Provided data -
=-=-=-=-=
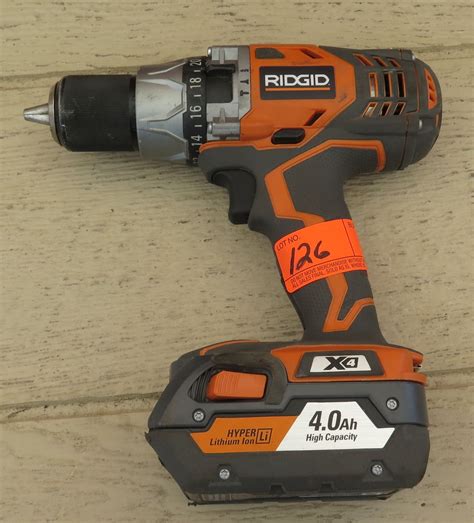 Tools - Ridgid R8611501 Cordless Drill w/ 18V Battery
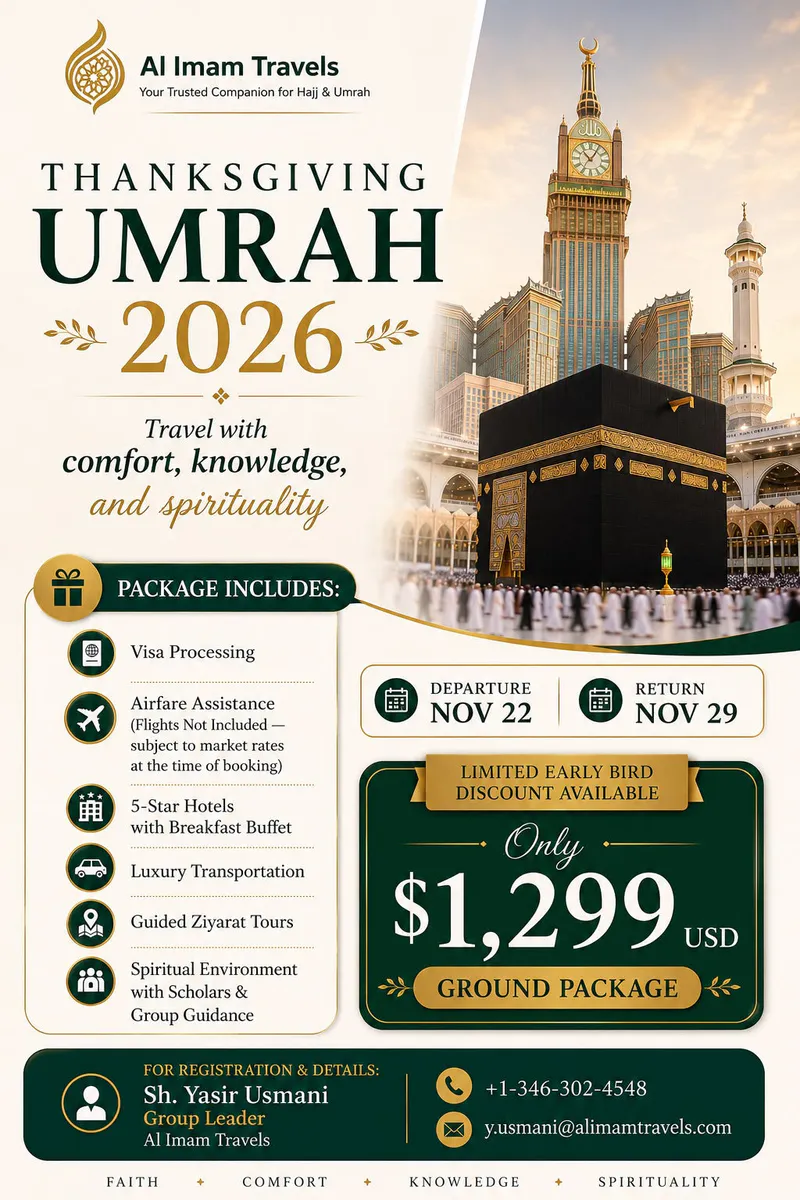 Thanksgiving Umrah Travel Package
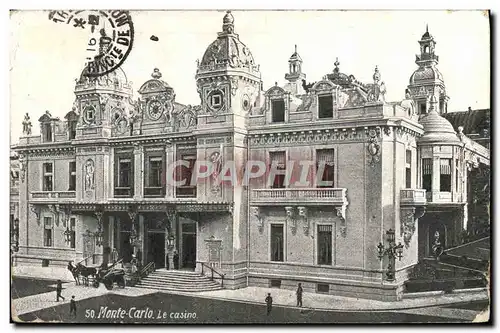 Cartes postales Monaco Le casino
=-=-=-=-=
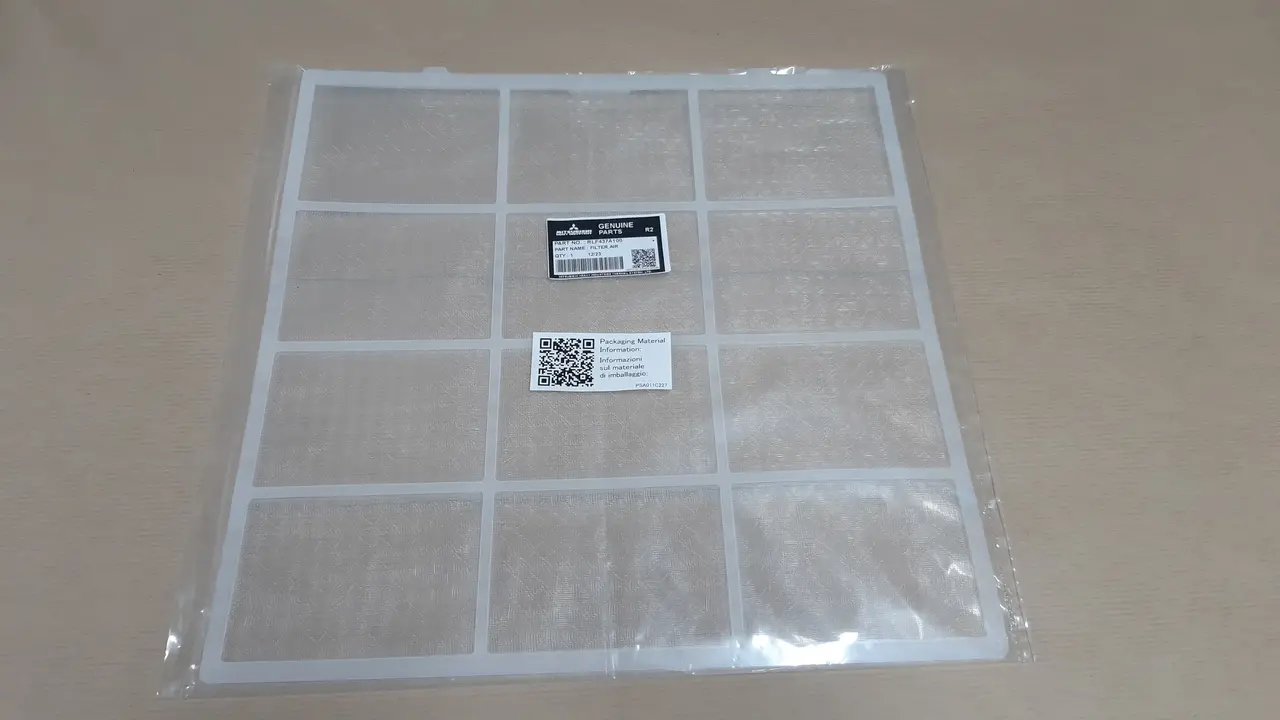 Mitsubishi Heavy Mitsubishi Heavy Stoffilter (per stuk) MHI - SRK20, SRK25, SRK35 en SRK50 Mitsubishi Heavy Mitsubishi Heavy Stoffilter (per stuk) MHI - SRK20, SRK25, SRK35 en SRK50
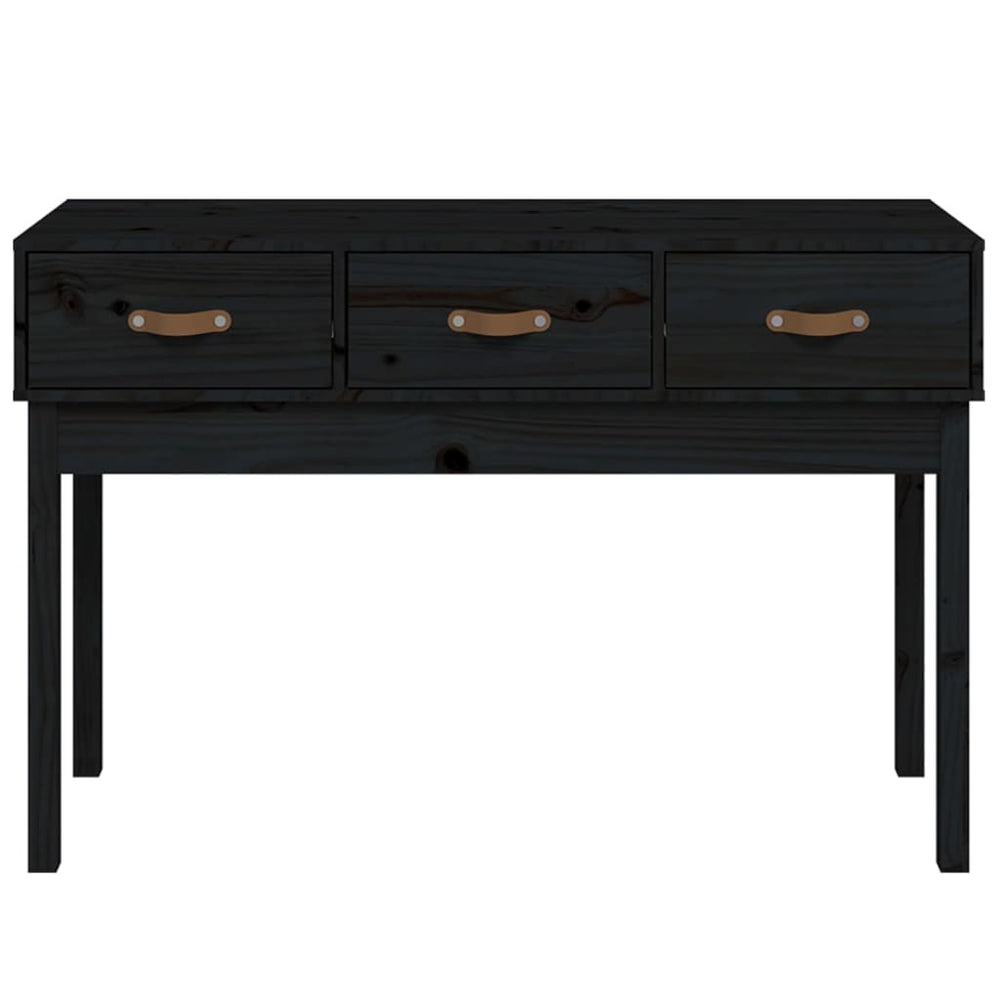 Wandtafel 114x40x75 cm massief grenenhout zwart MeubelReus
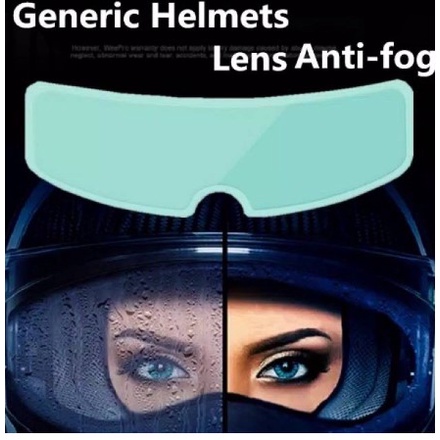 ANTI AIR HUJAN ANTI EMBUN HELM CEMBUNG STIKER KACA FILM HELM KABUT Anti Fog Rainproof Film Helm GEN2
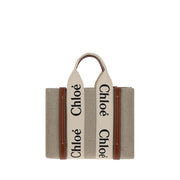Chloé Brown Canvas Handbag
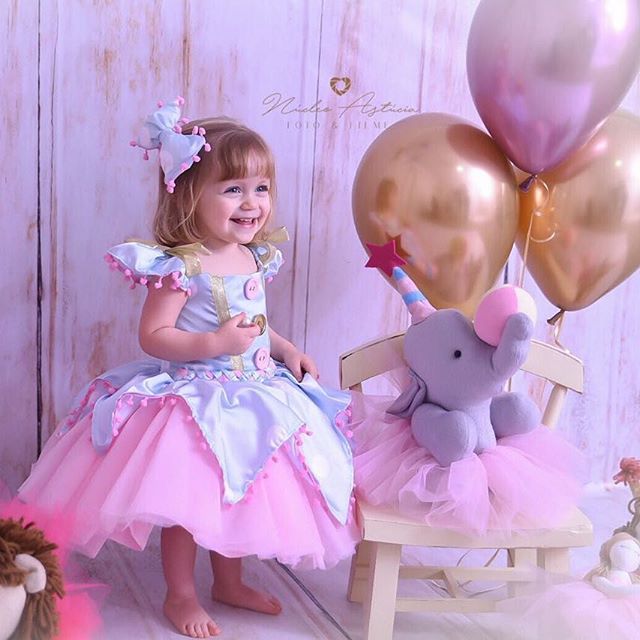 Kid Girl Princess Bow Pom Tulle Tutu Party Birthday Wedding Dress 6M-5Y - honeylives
=-=-=-=-=
Aim of the task -
From the records above, extract the lines from the one holding "Wandtafel 114x40x75 cm" through the one holding "Kid Girl Princess", word for word; omit the pictures.

Solution below -
 Wandtafel 114x40x75 cm massief grenenhout zwart MeubelReus
 ANTI AIR HUJAN ANTI EMBUN HELM CEMBUNG STIKER KACA FILM HELM KABUT Anti Fog Rainproof Film Helm GEN2
Chloé Brown Canvas Handbag
 Kid Girl Princess Bow Pom Tulle Tutu Party Birthday Wedding Dress 6M-5Y - honeylives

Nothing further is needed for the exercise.